▶ [Supplied information]:
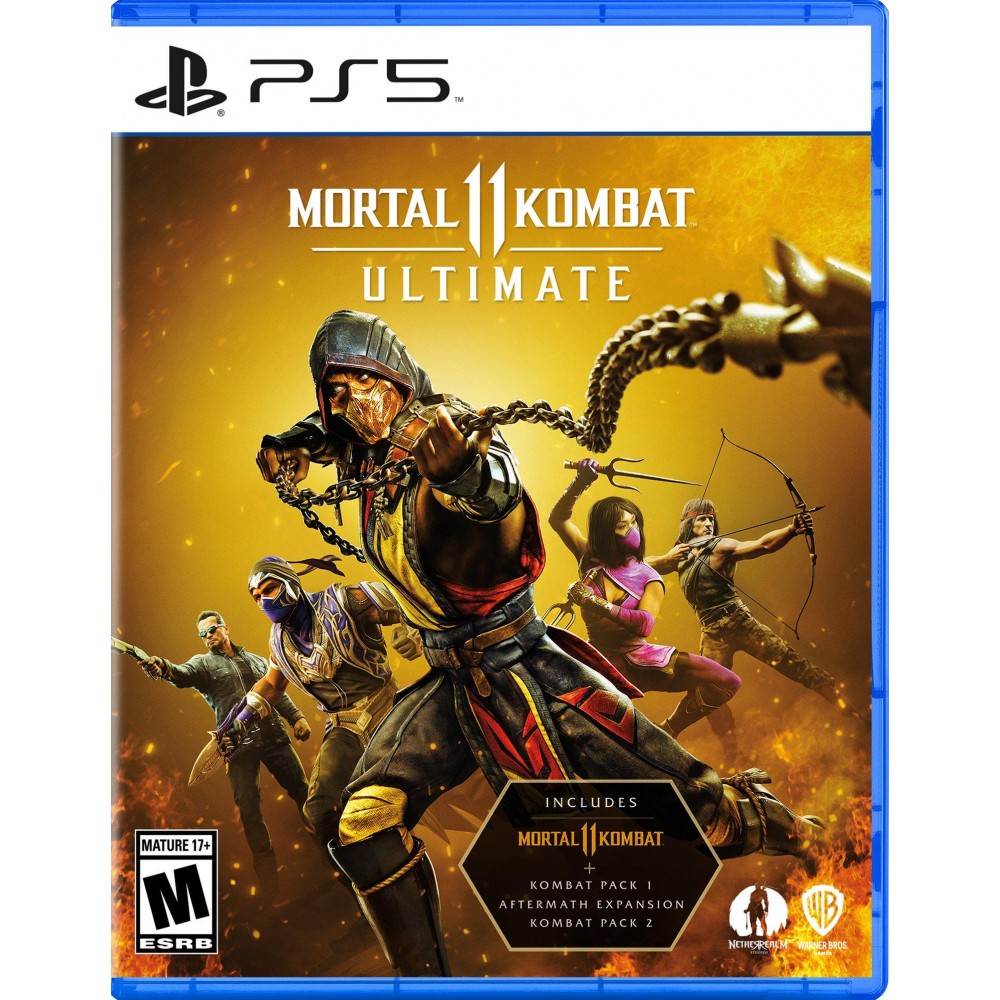 PS5 Mortal Kombat 11 - Ultimate Edition (Includes Kombat Pack 1 & 2 + Aftermath Expansion)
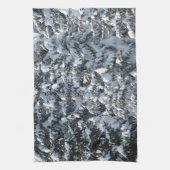 雪もみの木のテクスチャ キッチンタオル (縦)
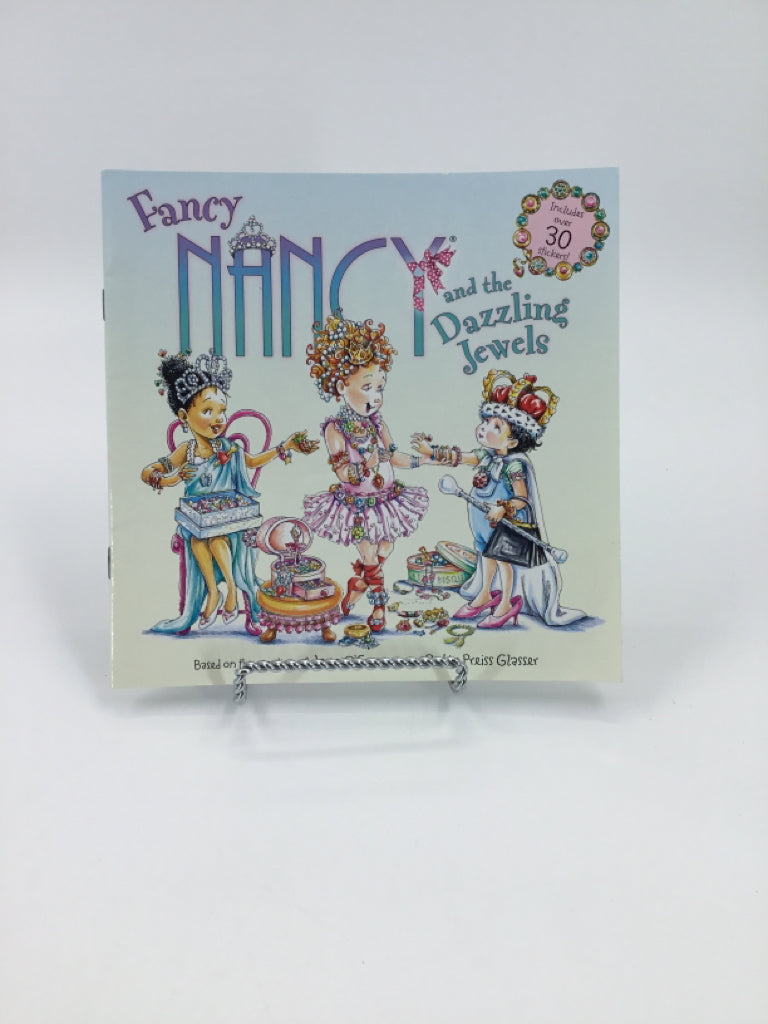 Fancy Nancy and the Dazzling Jewels Paperback Book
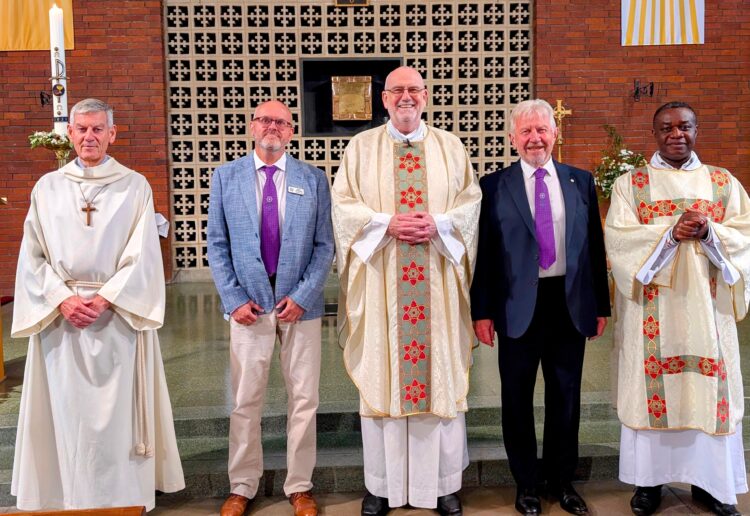 Members of Wokingham Catenian Circle marked their 500th meeting with a mass followed by a celebratory meal. Picture: Wokingham Catenians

▶ [Activity]: Everything in the data must be printed verbatim except the pictures.

▶ [Answer space]:
 PS5 Mortal Kombat 11 - Ultimate Edition (Includes Kombat Pack 1 & 2 + Aftermath Expansion)
 雪もみの木のテクスチャ キッチンタオル (縦)
 Fancy Nancy and the Dazzling Jewels Paperback Book
 Members of Wokingham Catenian Circle marked their 500th meeting with a mass followed by a celebratory meal. Picture: Wokingham Catenians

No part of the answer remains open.